American musician (1945–1998)

Ruben Naranjo Sr. (February 22, 1945 – October 12, 1998) is an American conjunto accordionist.

== Biography ==
Naranjo was born February 22, 1945, in Alice, Texas, to a trucker father and eight brothers. He began playing bajo sexto at age 15, until he was invited into Chano Cadena's band as a backup accordionist in 1962. In 1972, he founded his own band, Ruben Naranjo y Los Gamblers, and by the mid-1970s, was recording for Zarape Records, which gave him success throughout the 1980s, where he also recorded for Freddie and Hacienda Records. Nicknamed "El Clark Gable Mexicano", "El Hijo del Pueblo" and "El Mero Si Senor"—for his yelling of "Si, senor" during shows—by fans, he died on October 12, 1998, aged 53, following a performance in Alice.

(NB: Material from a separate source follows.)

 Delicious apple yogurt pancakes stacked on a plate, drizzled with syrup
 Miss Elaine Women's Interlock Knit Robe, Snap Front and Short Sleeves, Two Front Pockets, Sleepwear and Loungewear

After his death, his son Ricky Naranjo took over Los Gamblers. Ricky Naranjo y Los Gamblers would headline Ruben Naranjo Memorial Festival in 1999, which took place in Ruben's hometown of Alice, Texas. He was inducted into the Tejano Roots Hall of Fame in 2000, and the Texas Conjunto Music Hall of Fame in 2010. His band was continued by his children and grandchildren.